No pictures, nothing altered: return the data below.
= Beginning of Section =
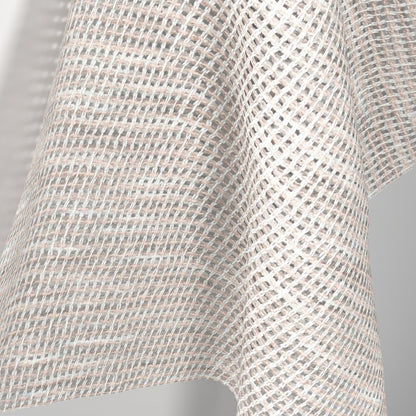 Sekers Marquee Ballet fire retardant curtain fabric, view 5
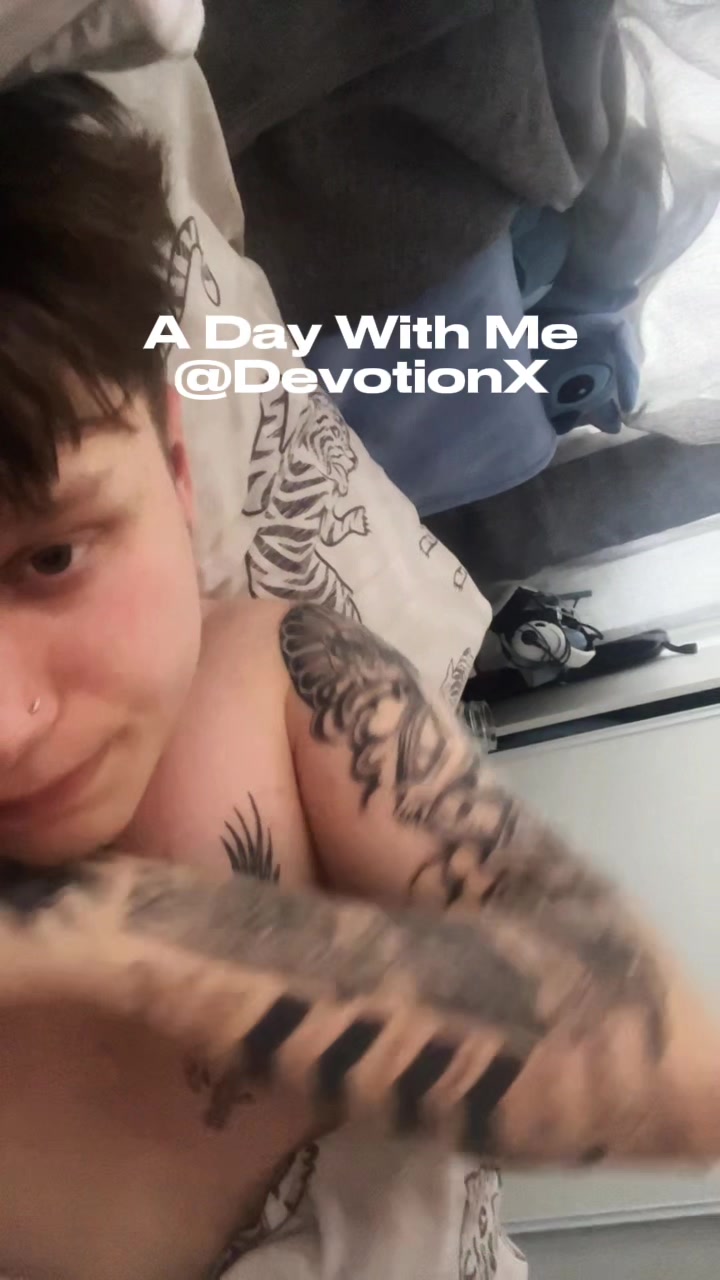 @DevotionX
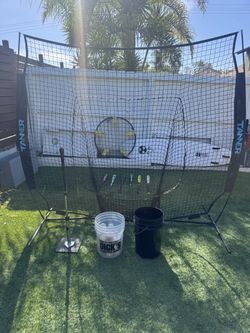 Baseball Haul
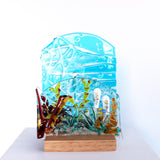 Seascape | Whimsical Reef 1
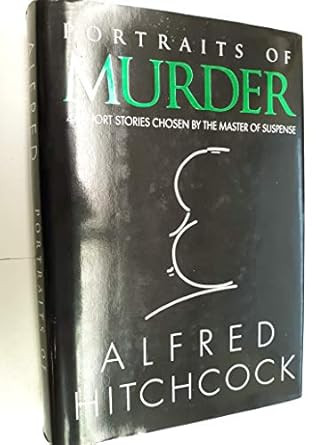 Portraits of Murder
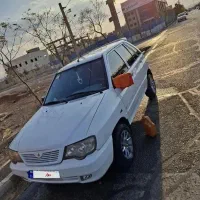 پراید ۱۱۱ مدل ۹۲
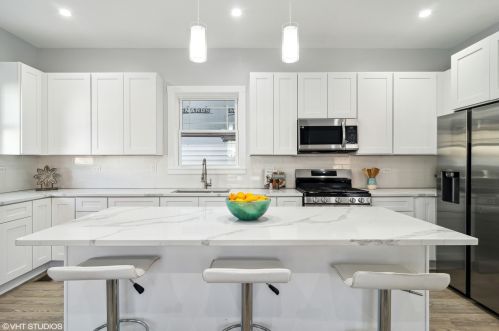 3578 Wabansia Ave, Chicago IL  60647-4831 exterior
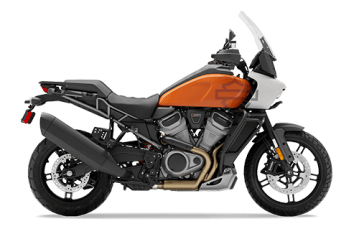 2021 Harley-Davidson Pan America Special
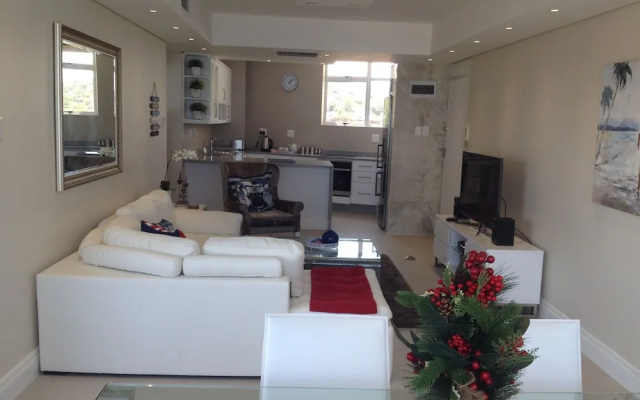 SeaLaVie Umhlanga Apartment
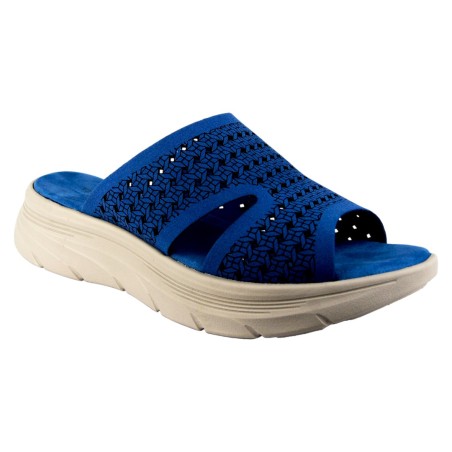 Price Shoes Sandalia Casual Mujer 622EF-EB-9902AZUL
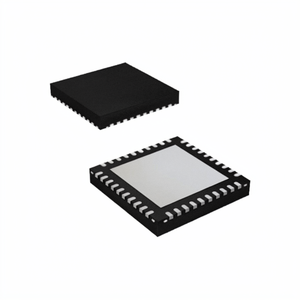 Power Management (PMIC) ISL6388IRTZ-T 40 VFQFN Exposed Pad In Stock Electronics Component - Product Image 1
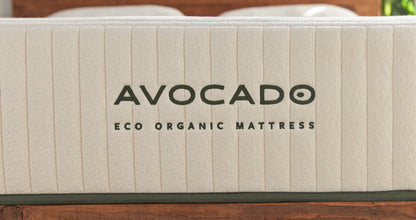 Avocado ECO Organic Tight Top Mattress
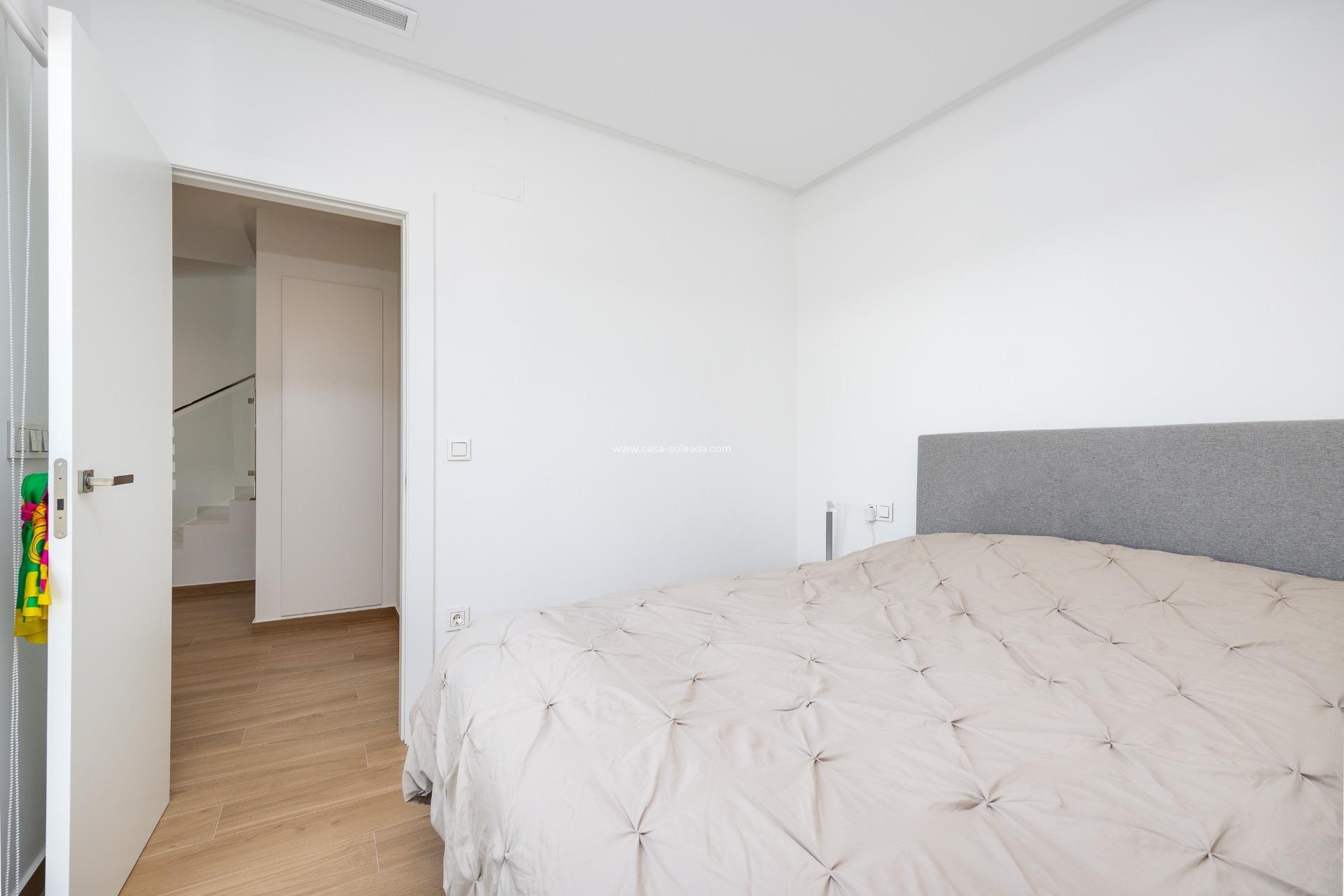 Wiederverkauf - Villa - Ciudad Quesada - Costa Blanca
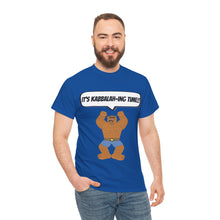 Load image into Gallery viewer, Comic Book Golem T-Shirt
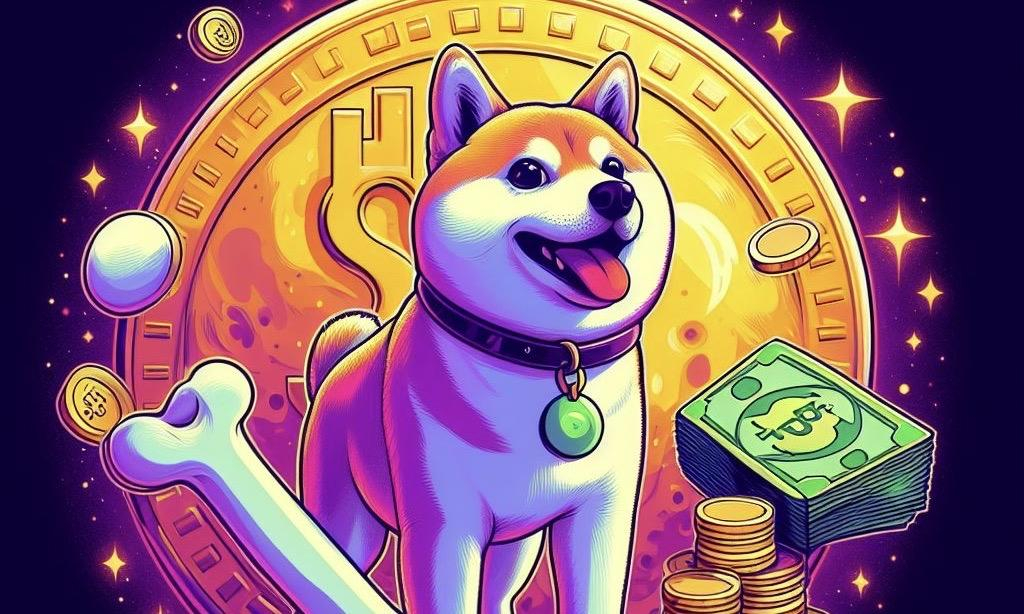 Shiba Inu의 SHIB 및 BONE의 상승으로 Memecoin 시장이 급등합니다.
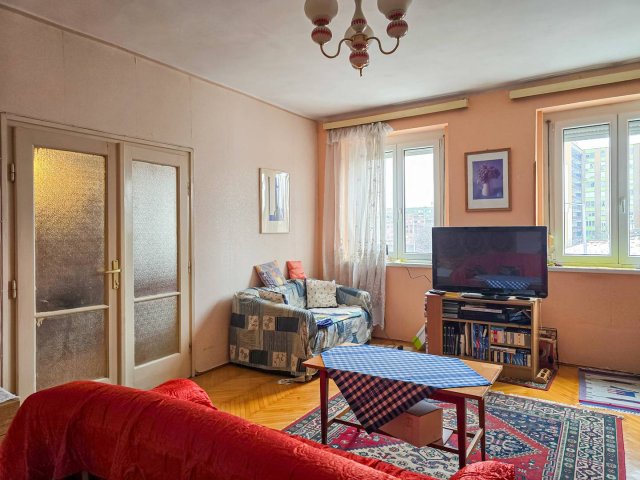 Eladó téglalakás, Budapesten, X. kerületben 55 M Ft, 2 szobás
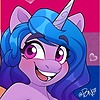 IzariDawn's avatar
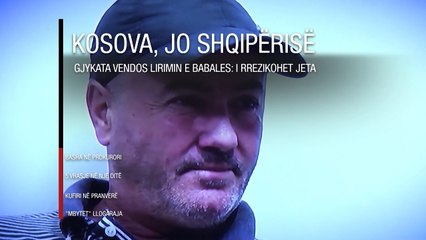 Edicioni i lajmeve i orës 20:00,  12 tetor 2018 - Ora News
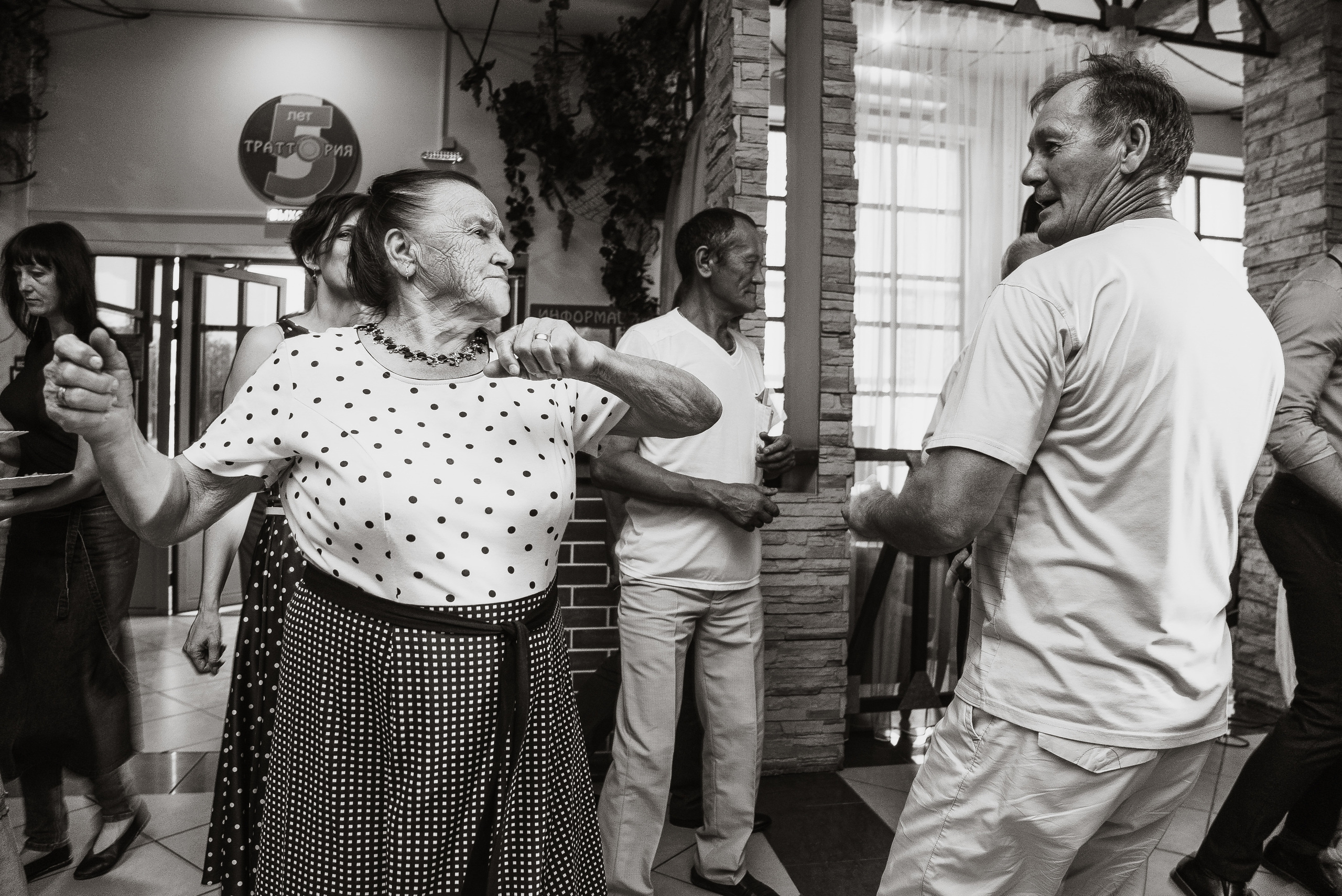 Игорь и Ирина. Свадебный фотограф в Самаре Анна Ковалева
= End of Section =
__ANSWER TO THE PROBLEM__.
 Sekers Marquee Ballet fire retardant curtain fabric, view 5
 @DevotionX
 Baseball Haul
 Seascape | Whimsical Reef 1
 Portraits of Murder
 پراید ۱۱۱ مدل ۹۲
 3578 Wabansia Ave, Chicago IL  60647-4831 exterior
 2021 Harley-Davidson Pan America Special
 SeaLaVie Umhlanga Apartment
 Price Shoes Sandalia Casual Mujer 622EF-EB-9902AZUL
 Power Management (PMIC) ISL6388IRTZ-T 40 VFQFN Exposed Pad In Stock Electronics Component - Product Image 1
 Avocado ECO Organic Tight Top Mattress
 Wiederverkauf - Villa - Ciudad Quesada - Costa Blanca
 Load image into Gallery viewer, Comic Book Golem T-Shirt
 Shiba Inu의 SHIB 및 BONE의 상승으로 Memecoin 시장이 급등합니다.
 Eladó téglalakás, Budapesten, X. kerületben 55 M Ft, 2 szobás
 IzariDawn's avatar
 Edicioni i lajmeve i orës 20:00,  12 tetor 2018 - Ora News
 Игорь и Ирина. Свадебный фотограф в Самаре Анна Ковалева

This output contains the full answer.